Duck Breast with Plum SauceA featured Wine Club recipe for Lumen Wines.
Pair this sweet and savory dish with your favorite Pinot Noir!Yield: 2
Prep Time: 10 Minutes
Cook Time: 30 Minutes
• 2 Duck Breasts patted dry and heavily salted on both sides
• 170 grams Plum Jam
• 1 tbsp Dijon Mustard
• 250 ml Chicken Stock or duck stock if you have it. If you butcher your own whole ducks you should make your own stock with the carcass
• 150 ml Red Wine
• 1 pinch Black Pepper, freshly cracked
1. Preheat your oven to 215 Celsius.
2. In a cold pan lay the duck breast fillets skin side down. Turn the fire onto the lowest setting and slowly render the fat. Once the fat begins to bubble around the edges of the breast, turn the heat up a little at a time until you are at medium high. Check to see if the skin is golden brown, then flip and cook the other side for one minute.

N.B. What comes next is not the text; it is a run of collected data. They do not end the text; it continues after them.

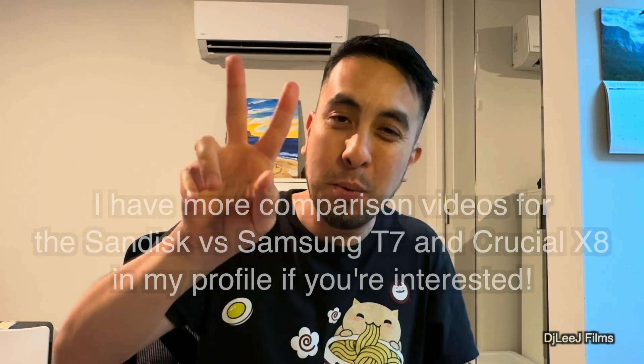Thanks so much for watching. Please like and subscribe for more. See you guys in another video.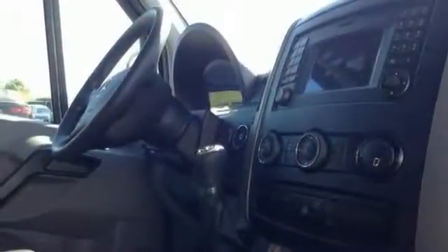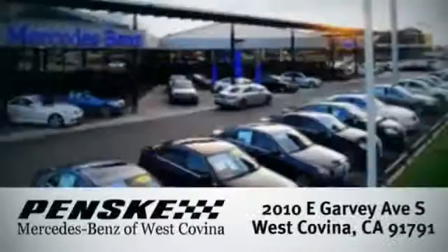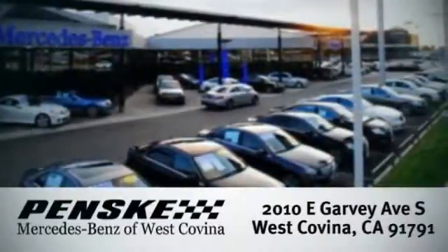Make this smart choice yours today and come in for a test drive. Visit today. We're conveniently located at 2010 East Garvey Avenue South in West Covina, California.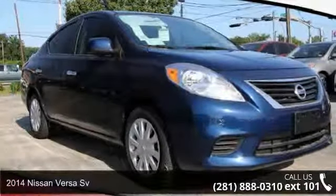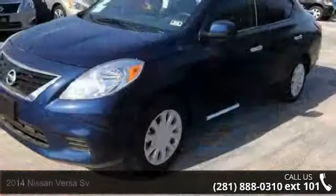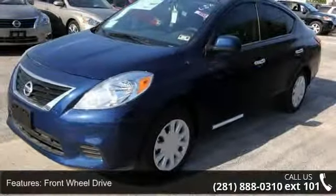Imagine yourself in this 2014 Nissan Versa. This may be the set of wheels you've been looking for. Enjoy these notable features.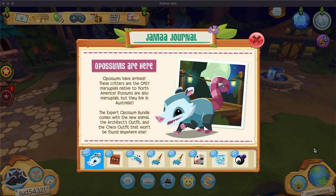Hey everybody, it's Syd here. Welcome back to another Animal Jam video. Today we're going over the July 2023 update on Play Wilds. Here we go.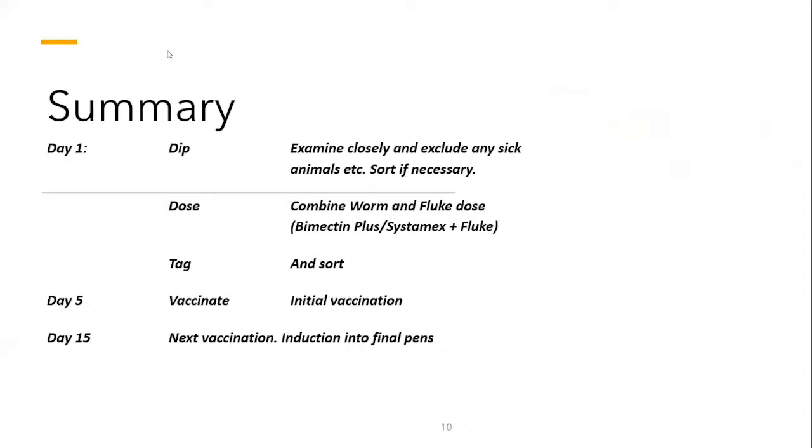In summary, these are the activities we recommend for the induction program. On day one, we do the dipping, dosing, and tagging of animals. On day five, we do the first vaccination — we can do the three-in-one at that point. By day 15, we do the second vaccination. At this point, the animals would have adapted and will be in a better state — not stressed — which means they will not be immunocompromised.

3. Flip the breasts back to skin side down and move the pan to the oven and bake for 7 minutes. If your pan is not oven safe you will have to move the fillets to a baking dish that has been sitting in the oven since the beginning so it stays hot. While it is baking you can start the plum sauce.

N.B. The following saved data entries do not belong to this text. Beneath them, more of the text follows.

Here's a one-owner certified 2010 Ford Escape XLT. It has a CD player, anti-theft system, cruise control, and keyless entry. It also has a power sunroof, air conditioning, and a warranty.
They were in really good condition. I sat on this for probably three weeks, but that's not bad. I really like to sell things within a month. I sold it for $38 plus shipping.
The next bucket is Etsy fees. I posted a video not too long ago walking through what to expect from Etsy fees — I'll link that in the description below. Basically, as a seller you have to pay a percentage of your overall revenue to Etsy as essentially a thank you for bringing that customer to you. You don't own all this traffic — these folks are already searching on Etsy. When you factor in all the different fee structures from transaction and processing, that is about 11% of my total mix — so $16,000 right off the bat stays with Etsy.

4. Remove the duck from the oven and let rest on a counter top for 5 minutes.
5. Cut the breasts into about 1 cm thick slices. Plate and spoon over some of the plum sauce directly from the pan.
1. Whisk together the jam, mustard, stock, red wine, and black pepper.
2. Simmer the mixture in a pan for about 10 minutes (baking and resting time for the duck
breasts) until it is slightly thickened and reduced.